4 Reasons You’re Not As Close To Your Boyfriend As You’d Like (And How To Get There)

Don’t let these obstacles ruin your relationship.

Intimacy is feeling close to your partner. It’s about feeling safe enough to be vulnerable. It’s about having an interpersonal adventure, and trying new things in and out of the bedroom.

However, there are five main obstacles that prevent many couples from enjoying the deep pleasure of feelings and feeling genuinely connected.

If you have one or more of these obstacles going on in your relationship, remember that you can overcome these obstacles, learn how to build an emotional connection and trust, and have the relationship you and your partner really want.

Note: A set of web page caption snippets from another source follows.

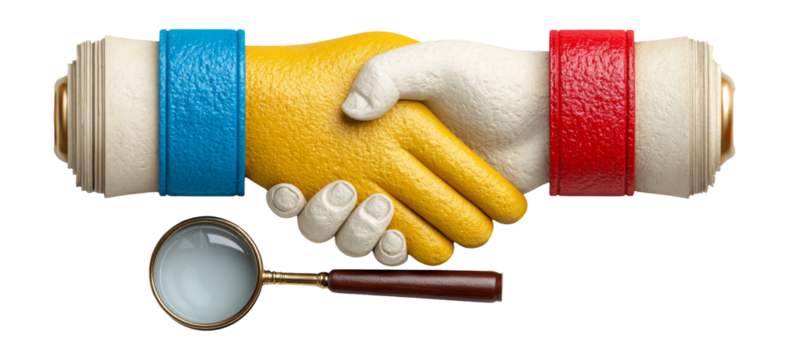 Colorful Handshake with Magnifying Glass on Transparent Background
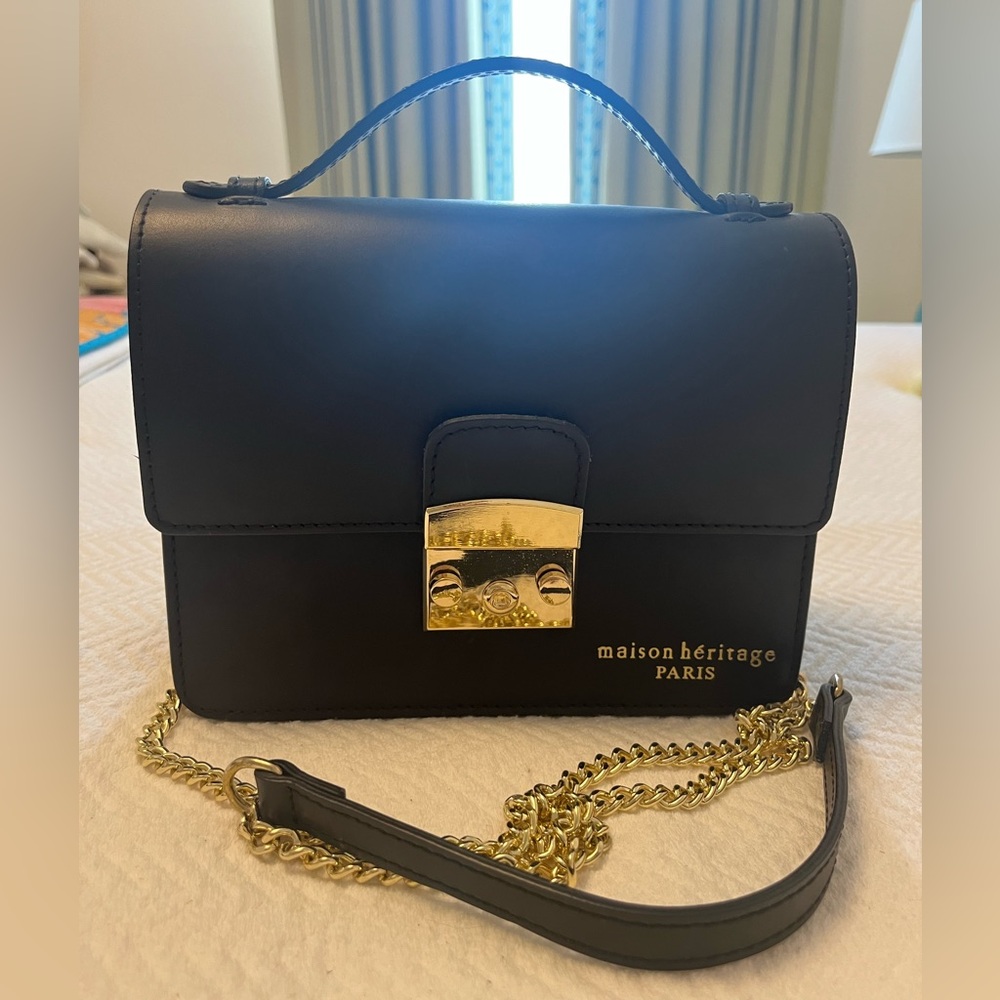 Maison Hèritage Paris leather crossbody with gold hardware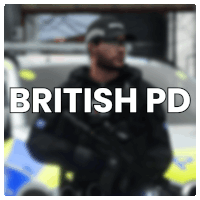 a blurry picture of a police officer with the words british pd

The statements below are not judgmental, even though they may sound that way. Most human beings struggle to reach their relationship potential because of these blocks.

Here are the 4 most common reasons why you’re not as close to your boyfriend or husband as you’d like:

1. You stopped being interested in your partner a while ago.

You don’t ask questions and you don’t realize how your lack of interest has been a factor in the deterioration of vitality in the relationship.

2. You Try to Protect Yourself From Hurting.

You’ve been hurt by your partner and by others before them, and you don’t want to risk your heart again.

Instead, you settle for a mediocre relationship that doesn’t break up but is dry and routine. Your partner may be doing the same thing.

3. You Get Defensive Instead Of Listening To Your Partner.

This happens especially when there is something negative he is feeling and affirming. And nothing tears intimacy apart faster than reactive, defensive communication.

Staying open and present, no matter what your partner is experiencing and expressing, is a challenge for most of us reactive creatures, but it’s worth the effort to practice the skill of staying present when your impulse is to get defensive or get out.

4. You Don’t Have Time To Slow Down Together Often.

When you were dating, you guys slowed down together. Now that you’re in a long-term relationship with him, you’ve got your to-do list, your electronics (phone, computer, TV), and your multi-tasking life.

The expression “When you don’t use it, you lose it”, applies to intimacy as well. The longer you go without slowing down, the more a non-intimate relationship will feel normal.

However, deciding to consistently slow down can bring your intimacy back in a relatively short time.

How many people can say the same thing about exercise? If you don’t go to the gym or do some other exercise for a long time, it’s harder to get into it and it will feel “normal” not to exercise.

However, when you are exercising regularly, you miss it when you don’t. And like exercise, slowing down together feels great when done consistently.

Conclusion.

The good news is that you don’t have to settle for a less-than-ideal relationship. Healthy intimacy is within reach of almost all of us. Once you identify which blocks are holding you back, you can start taking proactive steps to overcome them so you can build the healthy, happy relationship you deserve.